▸ Task item
Below are entries; copy exactly, and only, the lines from the one containing "Earthquake 26 km" through their final line, leaving out pictures.

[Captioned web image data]
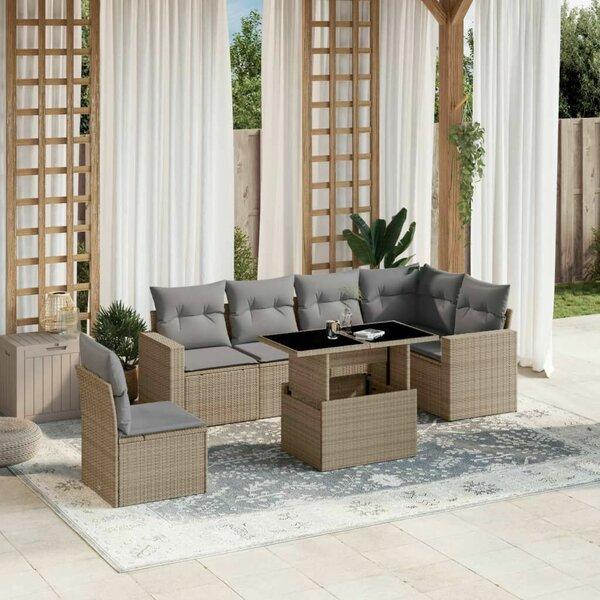 VidaXL Polyrattan Kerti Ülőgarnitúra - 7 részes - Bézs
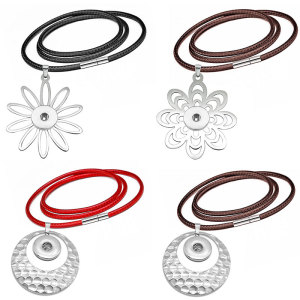 Stainless Steel  Flower Pendant Leather Chain Necklace fit 20MM chunks snaps jewelry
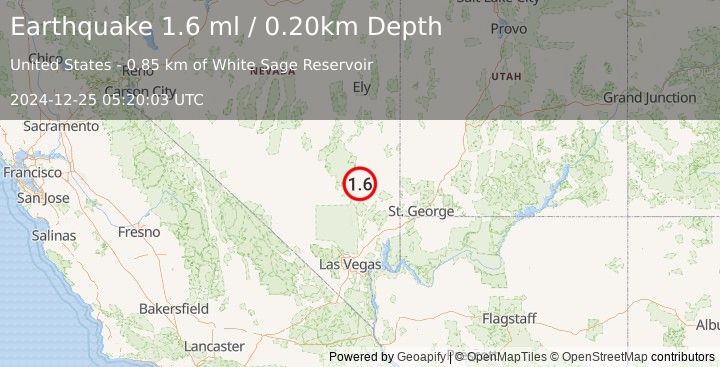 Earthquake 26 km E of Hiko, Nevada (1.6 ml) (2024-12-25 05:20:03 UTC)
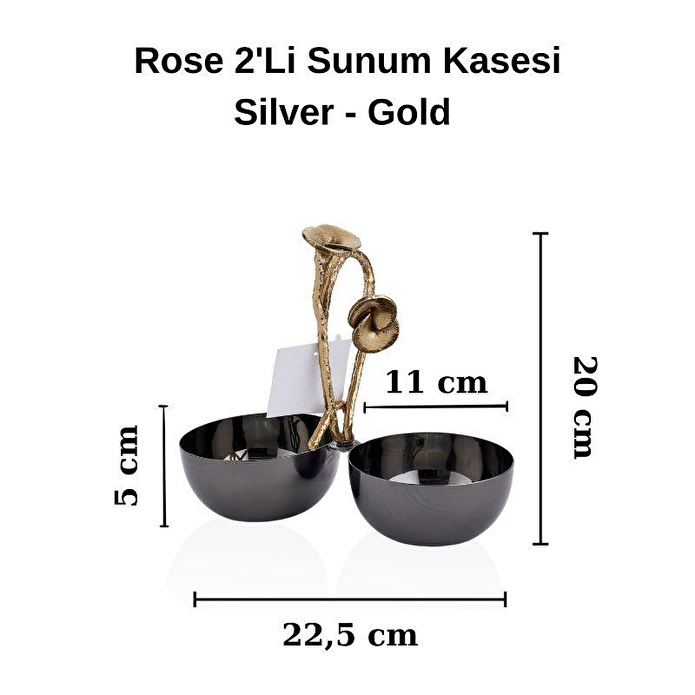 Cornella Rose 2'li Sunum Kasesi Silver - Gold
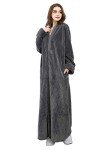 Hellomamma Women's Plush Long Fleece Bathrobe - Grey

▸ Written reply
 Earthquake 26 km E of Hiko, Nevada (1.6 ml) (2024-12-25 05:20:03 UTC)
 Cornella Rose 2'li Sunum Kasesi Silver - Gold
 Hellomamma Women's Plush Long Fleece Bathrobe - Grey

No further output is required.